The Montana Supreme Court certified a Rule 23(b)(2) class focusing on the question whether Allstate's claims adjusting policy violated Montana's unfair trade practices law. The potential class-wide relief included a declaratory judgment and a mandatory injunction ordering Allstate to provide notice to class members that they may re-open and re-adjust their claims. The court recognized that this type of declaratory and injunctive relief would "set the stage for later individual trials."
The propriety of certifying this type of mandatory 23(b)(2) class to resolve certain common questions, even where a later series of individual trials for damages will naturally follow, appears to have split state courts and lower federal courts. The Montana court relied on Judge Posner's decision in McReynolds v. Merrill Lynch, which permitted the certification under Federal Rule 23(b)(2) and 23(c)(4) of a class limited to resolving the question whether defendant's "teaming" and "account distribution" employment policies had an unlawful racially disparate impact. There, Judge Posner recognized that should the plaintiffs prevail on the class-wide issue of disparate impact, the "next stage of the litigation" would be "hundreds of separate suits for backpay . . ."

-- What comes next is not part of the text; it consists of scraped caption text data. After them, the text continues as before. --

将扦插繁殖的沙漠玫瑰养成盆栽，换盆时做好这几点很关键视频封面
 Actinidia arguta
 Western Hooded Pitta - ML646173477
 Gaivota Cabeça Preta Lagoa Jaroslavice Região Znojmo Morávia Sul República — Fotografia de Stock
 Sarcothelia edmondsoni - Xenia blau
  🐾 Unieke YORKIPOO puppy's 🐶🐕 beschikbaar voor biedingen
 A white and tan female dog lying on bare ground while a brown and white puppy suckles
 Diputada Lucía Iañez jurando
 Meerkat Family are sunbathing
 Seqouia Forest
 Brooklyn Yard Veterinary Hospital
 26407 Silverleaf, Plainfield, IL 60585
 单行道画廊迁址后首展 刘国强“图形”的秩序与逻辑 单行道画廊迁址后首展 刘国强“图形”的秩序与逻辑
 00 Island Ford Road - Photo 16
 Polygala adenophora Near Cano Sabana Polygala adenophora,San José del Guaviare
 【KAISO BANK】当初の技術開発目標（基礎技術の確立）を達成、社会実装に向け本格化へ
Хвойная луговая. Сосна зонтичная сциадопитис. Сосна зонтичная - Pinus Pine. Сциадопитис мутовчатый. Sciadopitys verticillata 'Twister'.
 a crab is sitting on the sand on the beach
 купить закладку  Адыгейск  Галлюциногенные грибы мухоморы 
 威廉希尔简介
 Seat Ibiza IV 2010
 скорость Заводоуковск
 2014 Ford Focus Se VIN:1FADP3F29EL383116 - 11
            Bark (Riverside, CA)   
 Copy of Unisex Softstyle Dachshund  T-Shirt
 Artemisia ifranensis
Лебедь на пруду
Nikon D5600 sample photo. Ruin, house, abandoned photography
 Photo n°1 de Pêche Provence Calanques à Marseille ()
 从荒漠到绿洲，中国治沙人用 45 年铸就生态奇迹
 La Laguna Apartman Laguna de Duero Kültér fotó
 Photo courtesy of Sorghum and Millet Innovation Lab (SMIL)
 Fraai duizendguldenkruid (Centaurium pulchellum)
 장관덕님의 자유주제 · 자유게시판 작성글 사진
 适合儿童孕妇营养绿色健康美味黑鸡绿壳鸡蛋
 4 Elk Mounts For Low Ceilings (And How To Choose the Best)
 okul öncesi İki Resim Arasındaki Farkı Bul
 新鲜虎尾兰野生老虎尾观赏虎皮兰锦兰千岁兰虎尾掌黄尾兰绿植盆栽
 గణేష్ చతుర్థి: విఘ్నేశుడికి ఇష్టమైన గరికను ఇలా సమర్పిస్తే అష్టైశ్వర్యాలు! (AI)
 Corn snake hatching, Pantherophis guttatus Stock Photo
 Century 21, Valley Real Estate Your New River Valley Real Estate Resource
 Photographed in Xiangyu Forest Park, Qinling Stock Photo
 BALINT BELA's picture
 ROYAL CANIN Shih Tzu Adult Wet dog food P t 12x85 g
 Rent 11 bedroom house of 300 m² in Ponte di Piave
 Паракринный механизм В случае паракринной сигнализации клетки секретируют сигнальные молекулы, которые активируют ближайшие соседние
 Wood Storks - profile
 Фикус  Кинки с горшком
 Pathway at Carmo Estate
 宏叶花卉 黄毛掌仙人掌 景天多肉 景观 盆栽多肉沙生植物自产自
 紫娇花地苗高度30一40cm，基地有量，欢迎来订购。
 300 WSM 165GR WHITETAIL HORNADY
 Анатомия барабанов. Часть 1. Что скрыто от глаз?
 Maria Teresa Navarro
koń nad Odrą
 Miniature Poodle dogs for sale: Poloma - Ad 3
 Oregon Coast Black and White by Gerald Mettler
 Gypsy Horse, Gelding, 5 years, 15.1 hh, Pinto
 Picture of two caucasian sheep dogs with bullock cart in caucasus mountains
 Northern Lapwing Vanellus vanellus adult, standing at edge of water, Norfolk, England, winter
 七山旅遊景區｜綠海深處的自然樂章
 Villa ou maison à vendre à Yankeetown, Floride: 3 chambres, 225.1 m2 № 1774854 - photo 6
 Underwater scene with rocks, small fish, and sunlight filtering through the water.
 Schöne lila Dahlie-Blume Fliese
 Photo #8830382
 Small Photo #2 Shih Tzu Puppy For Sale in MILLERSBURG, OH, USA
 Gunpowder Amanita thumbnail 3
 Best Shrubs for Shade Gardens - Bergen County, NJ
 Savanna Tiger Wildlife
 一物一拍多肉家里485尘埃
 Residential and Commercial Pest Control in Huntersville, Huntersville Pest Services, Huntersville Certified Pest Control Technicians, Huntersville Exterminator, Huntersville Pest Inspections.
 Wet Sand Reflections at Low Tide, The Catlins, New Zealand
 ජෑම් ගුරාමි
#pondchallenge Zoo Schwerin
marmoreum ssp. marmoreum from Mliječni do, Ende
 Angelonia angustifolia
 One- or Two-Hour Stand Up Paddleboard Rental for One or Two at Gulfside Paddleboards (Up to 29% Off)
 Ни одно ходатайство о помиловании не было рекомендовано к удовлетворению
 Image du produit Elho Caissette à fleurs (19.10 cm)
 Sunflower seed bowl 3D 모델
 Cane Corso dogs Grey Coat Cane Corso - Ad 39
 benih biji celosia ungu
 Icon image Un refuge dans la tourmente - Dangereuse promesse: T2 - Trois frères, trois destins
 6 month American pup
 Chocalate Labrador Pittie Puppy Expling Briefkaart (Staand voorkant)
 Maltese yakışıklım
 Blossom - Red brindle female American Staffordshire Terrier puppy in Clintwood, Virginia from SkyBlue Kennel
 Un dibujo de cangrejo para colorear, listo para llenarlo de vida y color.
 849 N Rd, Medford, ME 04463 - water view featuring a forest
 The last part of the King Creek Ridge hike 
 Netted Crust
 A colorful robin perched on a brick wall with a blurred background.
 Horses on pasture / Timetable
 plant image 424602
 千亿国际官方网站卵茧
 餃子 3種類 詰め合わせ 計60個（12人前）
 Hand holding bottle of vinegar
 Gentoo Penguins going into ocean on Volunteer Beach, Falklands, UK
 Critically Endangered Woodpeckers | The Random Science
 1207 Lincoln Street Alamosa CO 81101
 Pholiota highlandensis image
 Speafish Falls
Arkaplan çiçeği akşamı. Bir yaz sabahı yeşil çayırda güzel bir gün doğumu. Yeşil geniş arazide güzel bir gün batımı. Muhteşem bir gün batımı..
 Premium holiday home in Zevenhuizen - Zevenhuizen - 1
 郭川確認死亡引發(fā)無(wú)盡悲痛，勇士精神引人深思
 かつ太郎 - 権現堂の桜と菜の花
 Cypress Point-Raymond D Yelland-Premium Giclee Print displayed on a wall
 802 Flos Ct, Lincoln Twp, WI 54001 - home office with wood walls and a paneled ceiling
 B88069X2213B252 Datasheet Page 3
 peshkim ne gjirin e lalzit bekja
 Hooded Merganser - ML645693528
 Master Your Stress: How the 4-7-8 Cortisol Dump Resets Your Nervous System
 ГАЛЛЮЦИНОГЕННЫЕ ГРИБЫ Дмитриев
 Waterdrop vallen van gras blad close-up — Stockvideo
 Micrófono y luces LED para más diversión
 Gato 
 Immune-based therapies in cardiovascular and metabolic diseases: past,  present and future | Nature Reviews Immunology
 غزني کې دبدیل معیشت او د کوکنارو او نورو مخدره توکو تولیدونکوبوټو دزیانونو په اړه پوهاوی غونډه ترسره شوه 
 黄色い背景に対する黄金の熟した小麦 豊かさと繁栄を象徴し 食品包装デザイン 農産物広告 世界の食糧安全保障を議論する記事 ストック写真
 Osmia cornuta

Allstate and several amici contend that certification of the mandatory 23(b)(2) class in Jacobsen's case violates the procedural due process protections of the 14th Amendment. Montana is, of course, free to interpret its own Rule 23 in a way that diverges from Wal-Mart's interpretation of Federal Rule 23. Indeed, the Montana court hinted that it may not follow Wal-Mart's guidance on the Rule 23(a)(2) commonality requirement in the future, but ultimately determined that it need not resolve that question in this case. But Allstate's argument to the Court seems to be that Wal-Mart set a constitutional floor - the minimum protections allowable under the 14th Amendment. In the unanimous portion of the Wal-Mart opinion, the Court rejected the use of 23(b)(2) for certification of class claims seeking monetary relief, "at least where . . . the monetary relief is not incidental to the injunctive or declaratory relief." But that holding was not firmly rooted in a constitutional interpretation. Although notice and opt out rights are constitutionally required in a class action "predominately for money damages," the Court only suggested the "serious possibility" that the same would be true for class actions in which money damages are at issue but do not predominate. And it is not at all clear that this constitutional limitation would apply to cases like Jacobsen or McReynolds, where the class action does not resolve money damages claims, but rather only resolves certain common issues to "set the stage" for later individual trials for monetary relief.
The petition is set to be considered at the Court's conference this Friday, and is listed on SCOTUSBlog's Petitions to Watch.